→ **Exercise objective**: Leaving the pictures aside, restate all of the data exactly.

Data section section start

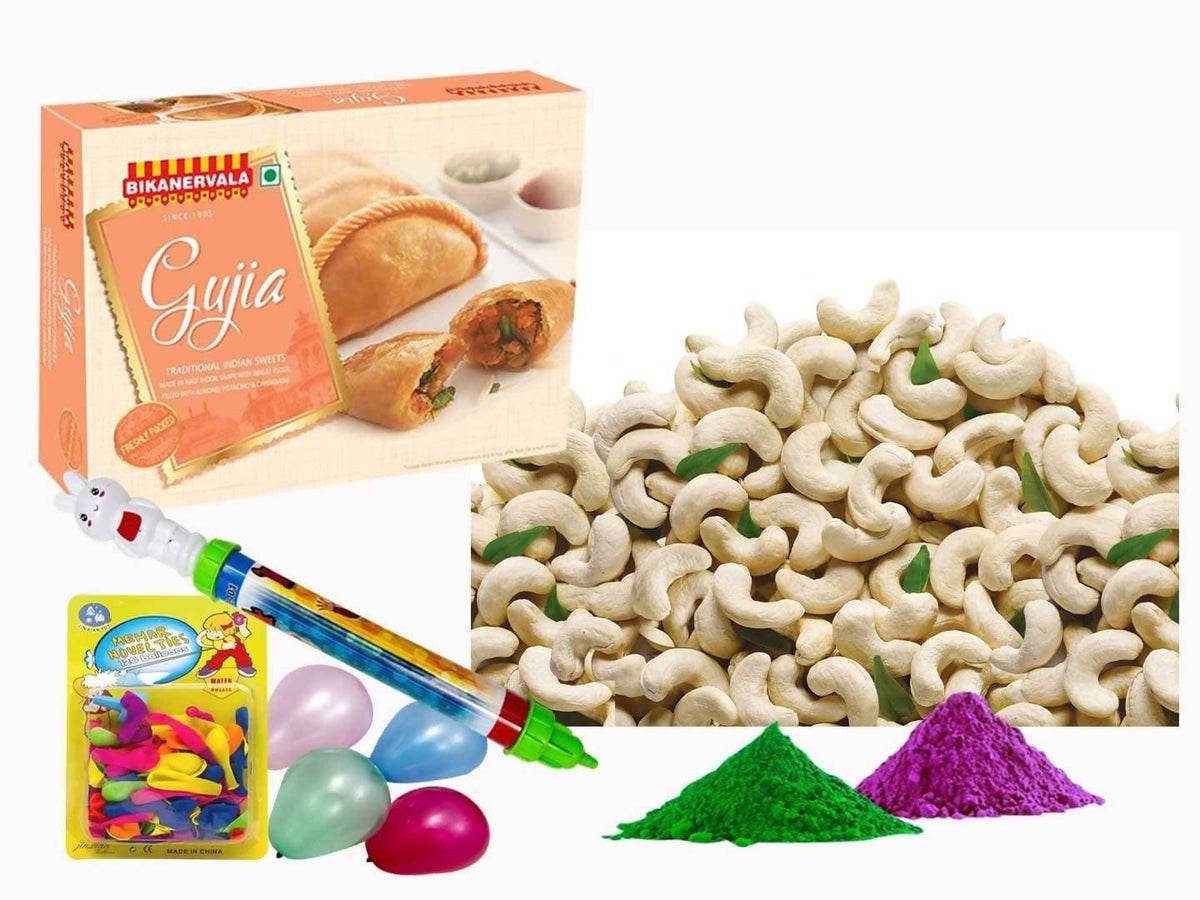 Bikanervala Cashew Nuts with Holi Gujia | Grocsy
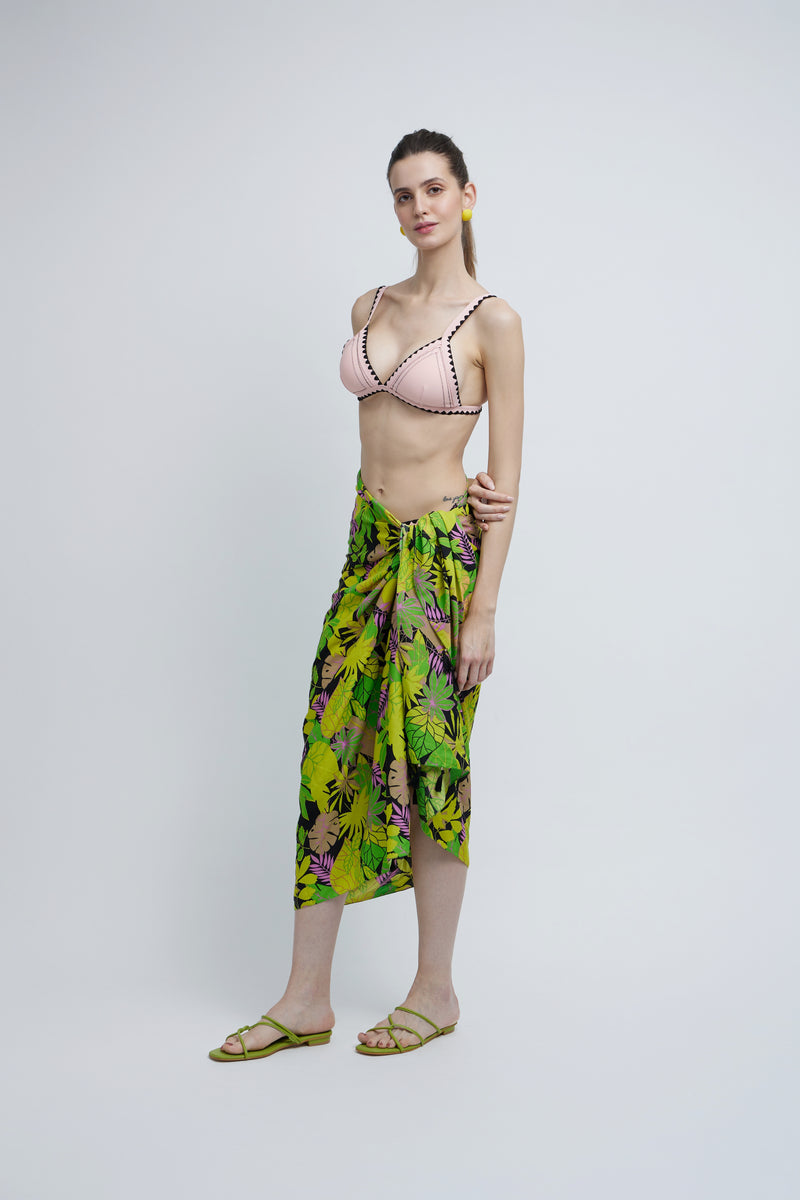 Aloha Tropical Tassel Sarong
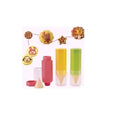 Food Grade Plastic 3-Color Baking Pastry Sauce Pen Decorative Tool Different Colors for Presentation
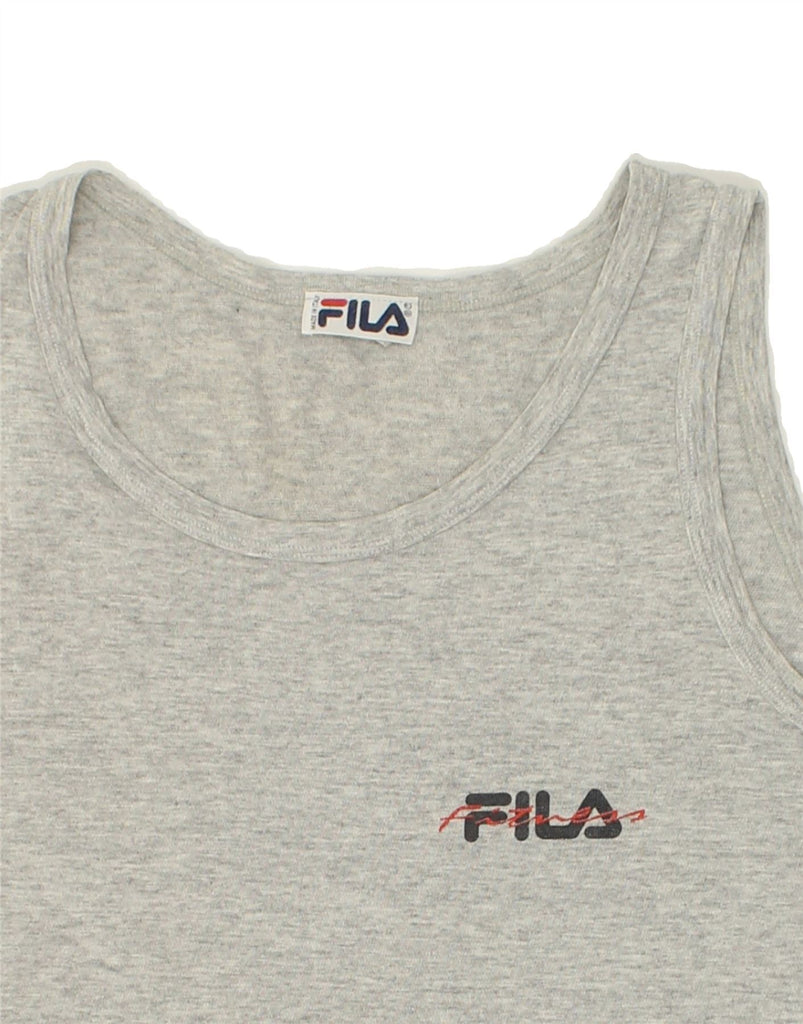 FILA Mens Vest Top Small Grey | Vintage Fila | Thrift | Second-Hand Fila | Used Clothing | Messina Hembry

Data section section end

→ **Reply to the exercise**:
 Bikanervala Cashew Nuts with Holi Gujia | Grocsy
 Aloha Tropical Tassel Sarong
 Food Grade Plastic 3-Color Baking Pastry Sauce Pen Decorative Tool Different Colors for Presentation
 FILA Mens Vest Top Small Grey | Vintage Fila | Thrift | Second-Hand Fila | Used Clothing | Messina Hembry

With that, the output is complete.